White and privileged 14 year old Kelli O’Laughlin was described as “shiny, happy, and bright” by her best friend. She might have stayed that way for decades to come had she not walked in to her own home after school during a burglary and stabbed to death.
— ExposingWhitePrivilege (@exposing_white) July 13, 2020
Wilson grabbed O’Laughlin’s telephone and posted slanderous remarks on her Facebook page as well as deriding messages to her mom utilizing it.
A Facebook page devoted to O’Laughlin has been made.
Companions of Kelli O’Laughlin, 14, who was found dead in her home on October 27, 2011, left accolades on her Facebook page the next day.

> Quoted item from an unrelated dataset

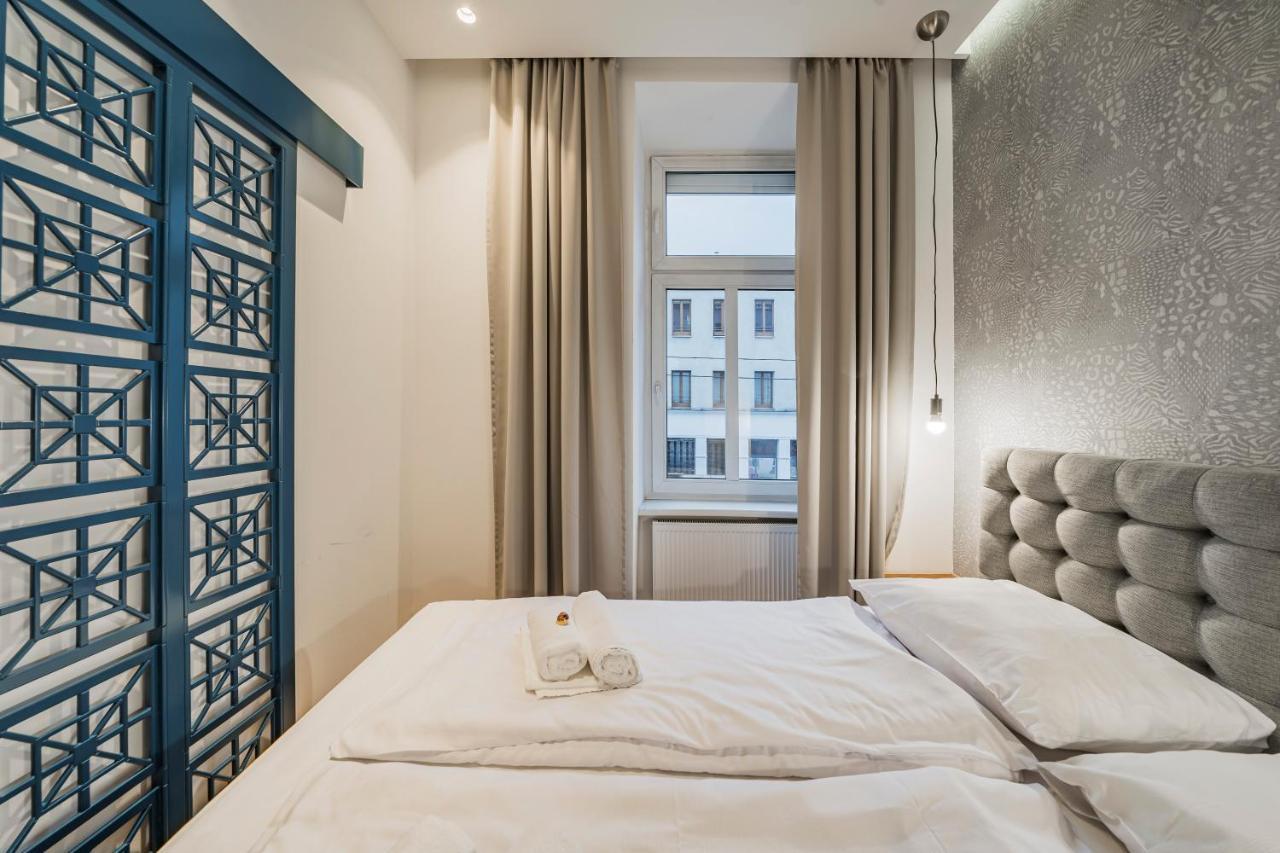 Zeus Design - Reumannplatz *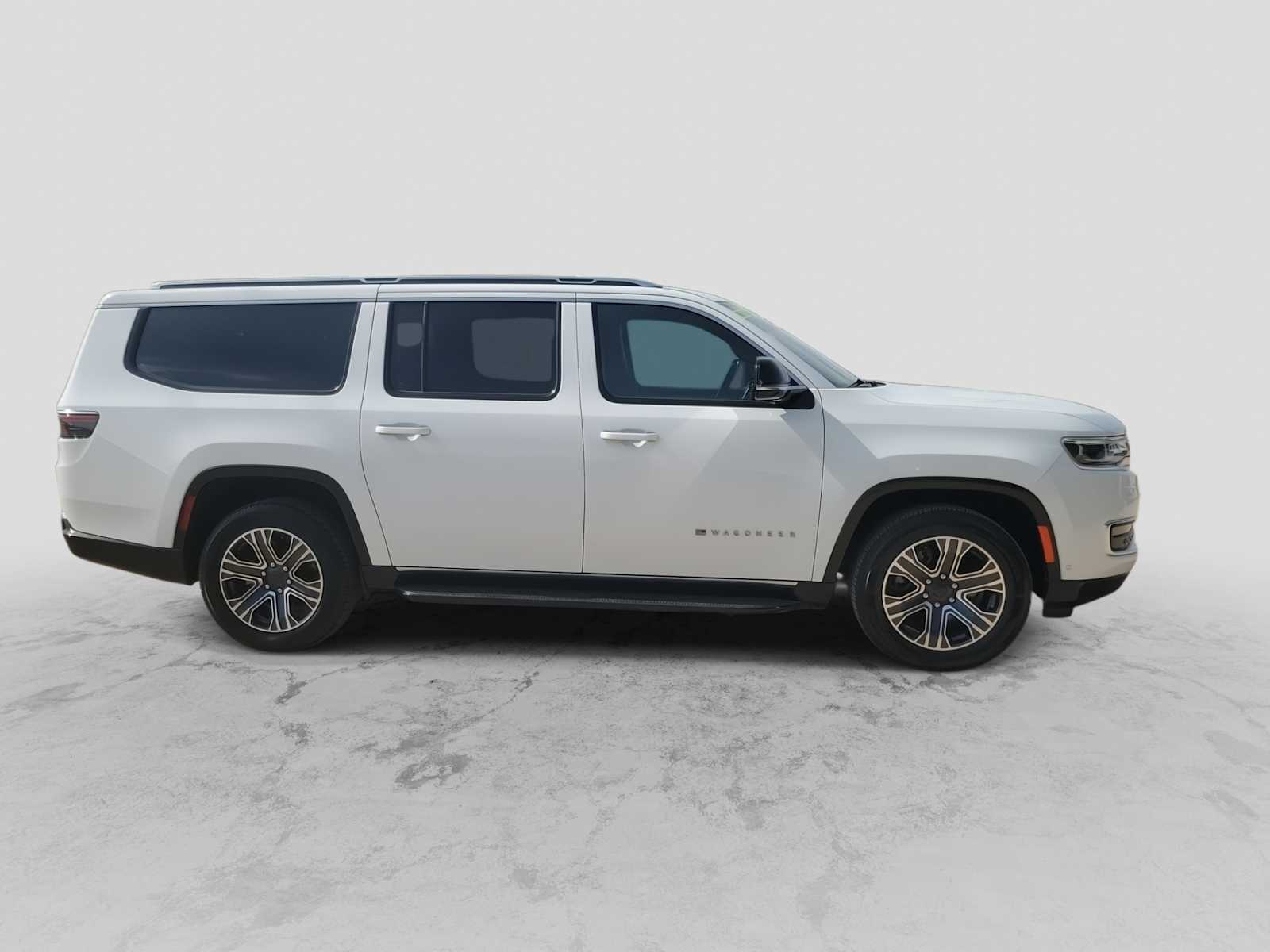 Thumbnail: 2024 Jeep Wagoneer - 9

On Nov. 3, after 12 PM, Wilson requested to settle on a telephone decision in the LaGrange Police Division’s police handling room. Wilson got the telephone and hung up immediately.
At the point when Wilson settled on a subsequent decision, it is guaranteed that he encouraged the guest to deal with his mom prior to saying, “Come get my Cricket telephone since it has been with me wherever I’ve been.”
At the point when Wilson was confined, his Cricket cell phone was taken as proof.
Wilson’s telephone went from his South Side location into downtown Chicago beginning at around 6 a.m. on October 27, 2011, as per examination from Cricket cell towers — the brand of Wilson’s telephone — prior to proceeding toward the west rural areas, where telephone action found him in Lyons at around 9 a.m., Raschke affirmed.
A call sent near the O’Laughlins’ home in the 6300 block of Keokuk skipped off a pinnacle a couple of blocks from their Indian Head Park home at 3:22 p.m.
Upon the arrival of the wrongdoing, Wilson’s Cricket telephone conveyed other cell messages that were bounced off the pinnacles of the 7-Eleven, where he had run into a cop and requested a taxi to take him to the Halfway el stop. Cell action soon thereafter showed the telephone heading out south prior to coming to rest near Wilson’s home on the South Side of the city.